Tomatoes grow on a vine at the Bradford Research Center. The U.S. Department of Agriculture acknowledges more than 25,000 different types of tomatoes.

It’s always a good time to stop and smell the roses, especially in your own backyard. And what is sweeter than fresh fruit or vegetables you grew yourself?

Planting a garden can seem like an overwhelming task, but it doesn’t have to be.

Kathy Doisy, 67, president of the Community Garden Coalition, believes gardening can benefit everyone. She has been an avid flower and vegetable gardener for 46 years and began volunteering with the coalition 15 years ago.

“I think it’s going to enrich anybody’s life, not just physically, but spiritually, emotionally, nutritionally,” Doisy said. “And then you make all these friendships. If there’s anything that makes people understand each other, it’s gardening together.”

When getting started, Doisy suggested making an initial decision: “Do you just want to get your hands dirty and be out in nature, or do you want to actually produce vegetables?”

If you don’t want to start your own garden, Doisy recommends checking out community gardens or the Columbia Center for Urban Agriculture, a nonprofit organization that connects people to agriculture and donates all its yield to food relief organizations.

If you want to plant your own garden, start small, Doisy said. It’s easy to get carried away, but it’s better to see if you like it before investing time and money into a big plot.
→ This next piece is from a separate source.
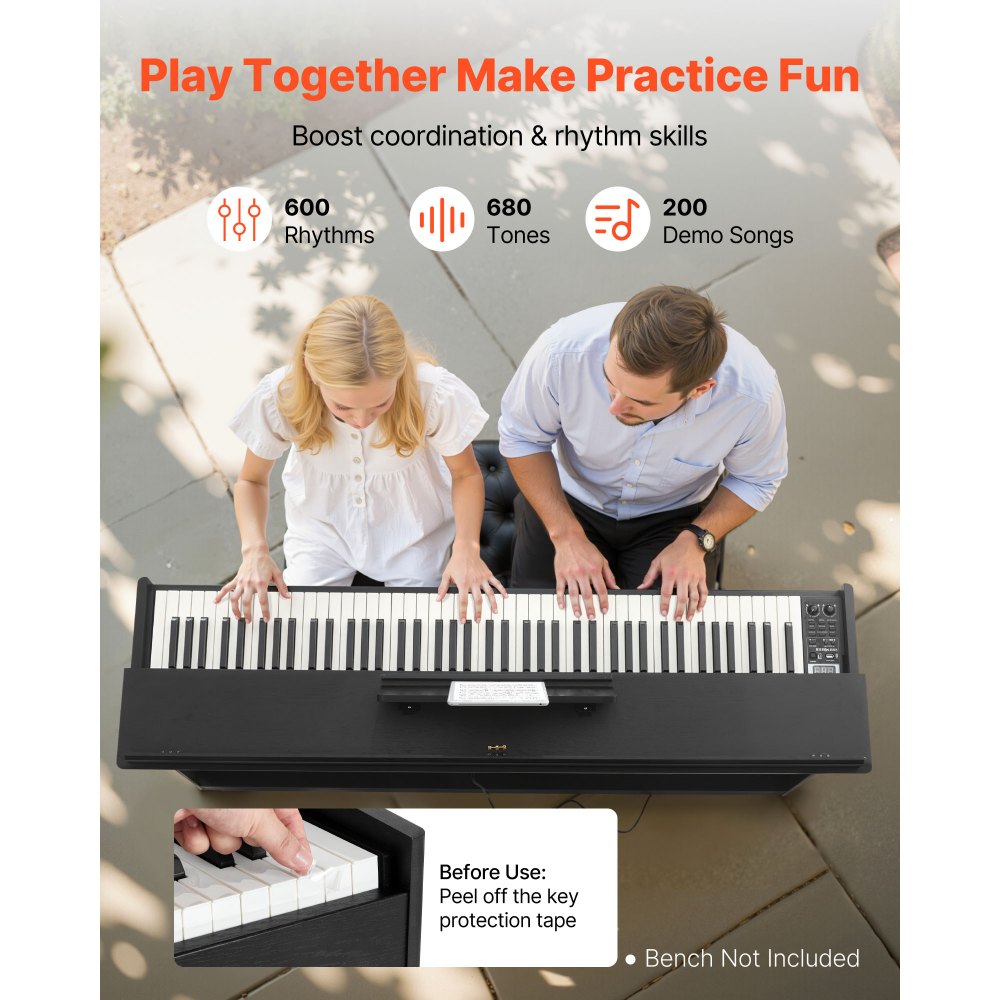 Ψηφιακό πιάνο VEVOR με βάρη, 88 πλήκτρα με πλήρη βάρη, ηλεκτρικό πληκτρολόγιο πιάνου με βάση επίπλωσης, τροφοδοτικό, τριπλό πεντάλ, 680 τόνοι, υποστήριξη ασύρματης σύνδεσης, με ακουστικά, για αρχάριους Ψηφιακό πιάνο VEVOR με βάρη, 88 πλήκτρα με πλήρη βάρη, ηλεκτρικό πληκτρολόγιο πιάνου με βάση επίπλωσης, τροφοδοτικό, τριπλό πεντάλ, 680 τόνοι, υποστήριξη ασύρματης σύνδεσης, με ακουστικά, για αρχάριους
Gardeners also need to assess the amount of sunlight, condition of soil and the tools needed.

Good, consistent sunlight is needed throughout the day for most plants to thrive. Vegetables need six to eight hours of full sun a day, Doisy said.

Well-conditioned soil is also crucial. Developers around Columbia often scrape off the topsoil before building homes, so new gardeners will need to amend the soil to make it healthy for plants.

“If you’re in a newer neighborhood, chances are your soil is terrible,” Doisy said.

Work-arounds include purchasing potting soil and fertilizer, switching to container gardens or sharing a community garden. Not all crops grow well in pots; containers will require more water, but it’s a way to avoid dealing with Missouri claypan soil.

Wearing protective clothing is critical, Doisy said. “Nobody needs a sunburn.”

In her 30s, Doisy experienced malignant melanoma, and she knows a woman in her 40s who suffered a heat stroke followed by deafness from gardening during a blistering afternoon.

Wearing light, yet protective, clothes and shoes with full coverage are safe practices.

“You should never be swinging a hoe around your flip-flops,” Doisy said. “That’s a good way to really hurt yourself.”

Using sunscreen, hydrating properly and wearing gloves are other protective steps to take. When it’s hot, it is also a good idea to work early in the morning or late in the evening, Doisy said, when there’s enough light but less heat.

Finally, a gardener needs proper tools. For older adults, Doisy speaks from experience when she recommends tools that are light, long and brightly colored. The bright colors make them visible among the plants. Light and longer tools are easier to use.

Scooters that move across the ground on wheels and knee pads are also innovative methods Doisy and the coalition employ in community gardens.

Raised beds are another benefit for older gardeners. Doisy’s husband started building waist-height beds a few years ago, and now Doisy plants all of her low-growing plants in them.

Instead of bending over for hours on end, she harvests all her strawberries and green beans from a standing position.

With these tips, gardening is an attainable, fulfilling pastime, she said.

“It will never be boring if you garden,” Doisy said. “Growing your own food, even when it goes bad, just brings you in touch with nature.”